Union presidents are meeting with President Obama in the White House today where they are discussing the urgent need for health care reform with a public option, according to Gregory King, special assistant to Gerald McEntee, president of the American Federation of State, County and Municipal Employees.

They are also mapping plans, King said, for passage of the Employee Free Choice Act, a bill that would make it easier to unionize.

The Communications Workers of America said this afternoon that 10 of the union leaders at the White House gathering are members of the National Labor Coordinating Committee, a group committed to reuniting the labor movement which currently consists of unions that belong to two federations, the AFL-CIO and Change to Win, and unions that are independent.

“They are talking to the president about health care and about what the labor movement can do to help in the passage of reform legislation,’ according to King. ‘They are stressing the importance of the public option in which a government-run entity would compete with private insurers and they are emphasizing their opposition to a tax on employee-provided health benefits to help finance that reform.”

Such a tax would be particularly painful for union members because many receive health benefits from their employers.

While health care is at the top of the agenda King said he expected that the Employee Free Choice Act would be discussed.

Labor has been waging a strong campaign to convince several senators who are sitting on the fence to come out in full support of the bill. Sixty votes will be needed to stop a planned Republican filibuster against it.

Besides McEntee, the list of labor leaders meeting with the president includes John Sweeney, president of the AFL-CIO, Andrew Stern, president of the Service Employees International Union and Dennis Van Roekel, president of the National Education Association. Also at the meeting are the presidents of the steelworkers, communications workers, Teamsters and food and commercial workers.

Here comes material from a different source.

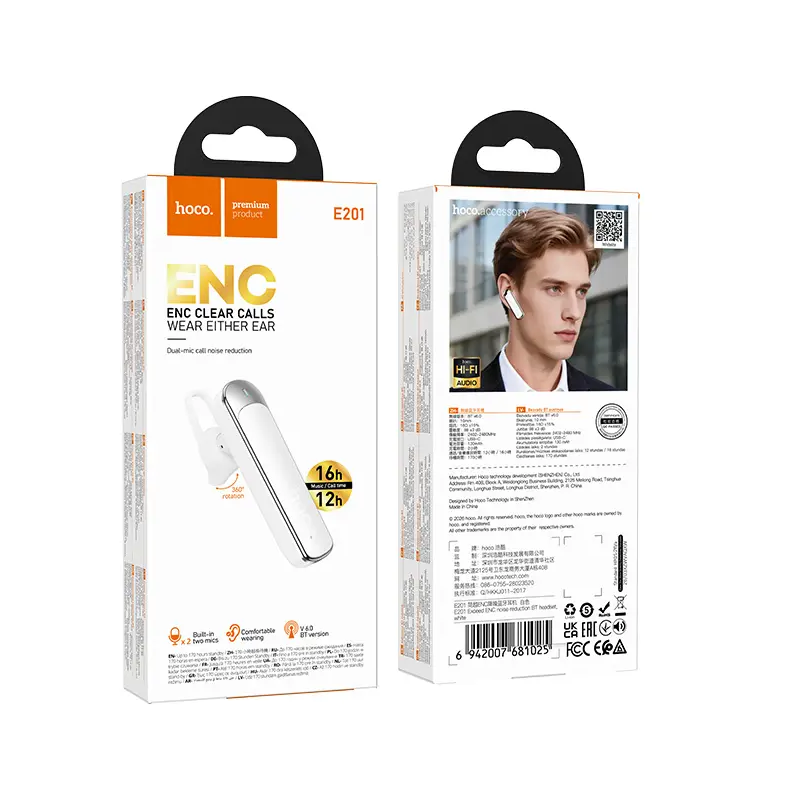 Manos libres Bluetooth HOCO E201, Blanco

An AFL-CIO source says that many in the group are also anxious to discuss the issue of trade. The labor movement is opposed to so-called free trade agreements that result in exploitation of labor in developing countries while U.S. jobs are exported by companies chasing after cheap labor.

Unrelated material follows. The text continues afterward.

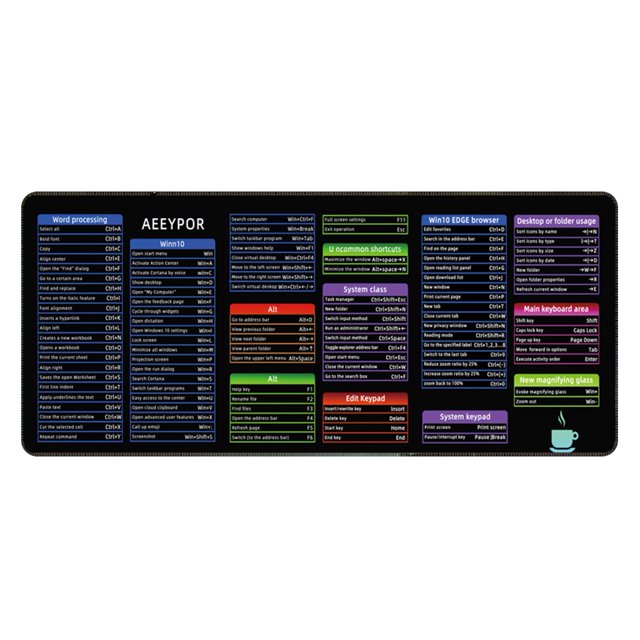 Hyasfey 40x90CM Large Computer Mousepad Portable Waterproof Office Power Point Excel Word Shortcut Keys Desk Mat Non-Slip Desktop Mouse Pad PC Accessories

The source said that there is also “concern about the need to develop an entirely new approach to, a planned approach to developing a manufacturing policy in America. We have to create good paying manufacturing jobs if we are really going to restore this economy.”

Unemployment, is of course, also expected to be discussed. Labor leaders are supporting a second stimulus package in the wake of widespread expectations that the official unemployment rate will surge into double digit territory.